O problema é que tem gente que está ali só pelo dinheiro. Na segunda passada, fui a um bar no Humaitá. Mesmo vazio, os quatro garçons estavam distraídos. A primeira coisa que meu pai me ensinou quando comecei foi: “Não interessa quanto você ganha, cumpra seu contrato de trabalho. Tenha comprometimento.”

 

Que outros problemas você enfrenta?


Por causa da cor (o sócio, Leandro, também é negro), não acreditam que somos os donos. Outro dia uma senhora disse: “Gostaria de falar com o dono ou o gerente.” Eu respondi: “Pode falar.” Ela ficou espantada.

No mesmo dia, um cliente que já vem aqui há um ano e meio comentou: “Os donos nunca aparecem, né?” Leandro disse: “Eles não saem daqui. Um sou eu, outro é ela.”

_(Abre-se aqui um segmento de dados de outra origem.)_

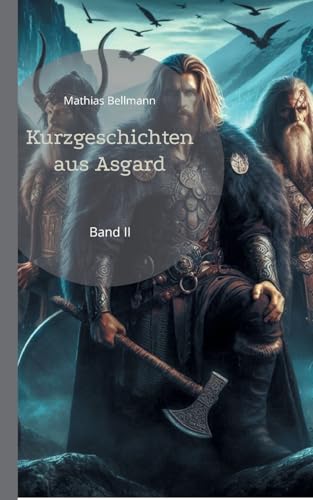 Kurzgeschichten aus Asgard: Band II von Books on Demand
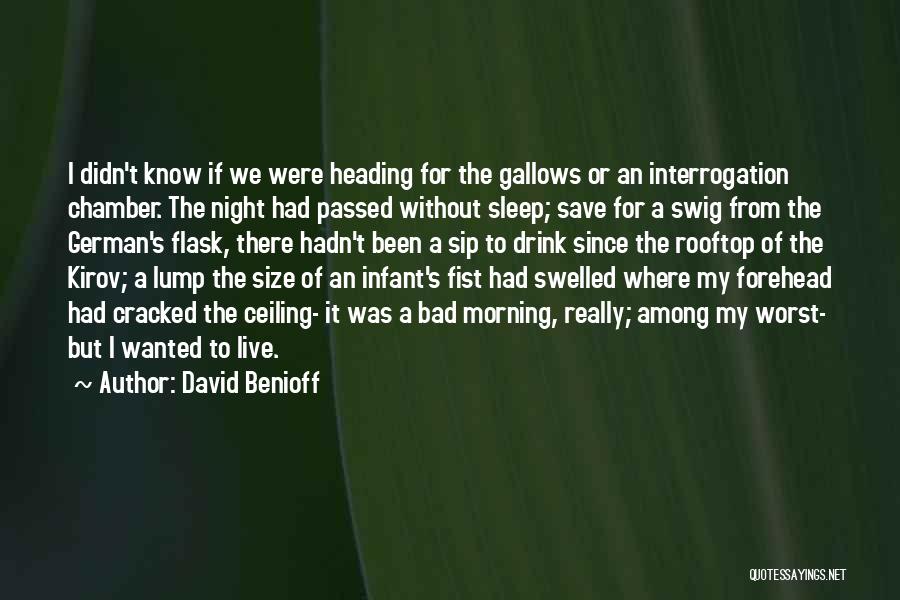 David Benioff Quotes: I Didn't Know If We Were Heading For The Gallows Or An Interrogation Chamber. The Night Had Passed Without Sleep;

Teve gente que chegou a dizer, quando me apresentei: “Não, minha filha, você não entendeu, eu quero falar é com o dono.”

 

Como foi abrir o Bar da Gema?


No início, fomos muito questionados por amigos e ex-colegas de faculdade: “Cursaram Gastronomia e vão abrir um botequim?” É como se qualquer um pudesse fazer isso.

No mínimo teria que ser um self-service. Mas eventos como Rio Gastronomia e Comida di Buteco ajudaram a reduzir o preconceito contra botecos. Um rapaz até disse que quer fazer a festa de casamento aqui.

 

O que você acha da expressão “baixa gastronomia”?


Não gosto. A comida de botequim às vezes dá mais prazer do que a chamada alta gastronomia. Nosso cardápio é popular e tradicional, mas criativo. Tem as comidas mais simples, com uma boa apresentação, como o Doce Subsolo (vencedor do Comida di Buteco em 2011): tutu de feijão preto, com uma camada de couve, carne seca na manteiga e creme de aipim com laranja.

 

Se você visse o cartaz “Fora, coxinha” na rua o que ia achar?


Ia ficar meio braba. É uma gíria injusta. É um salgado tradicional e saboroso que ficou por um tempo afastado de botequim, mas está voltando, assim como jiló e ovo colorido. Minha coxinha tem a massa muito molinha e bem temperada. Leva leite, e não água.

E existe o ponto certo do cozimento do peito do frango, para ficar bem macio. Essa coxinha está dando o que falar. O (cantor e compositor) Gabriel da Muda diz que é a melhor do Rio.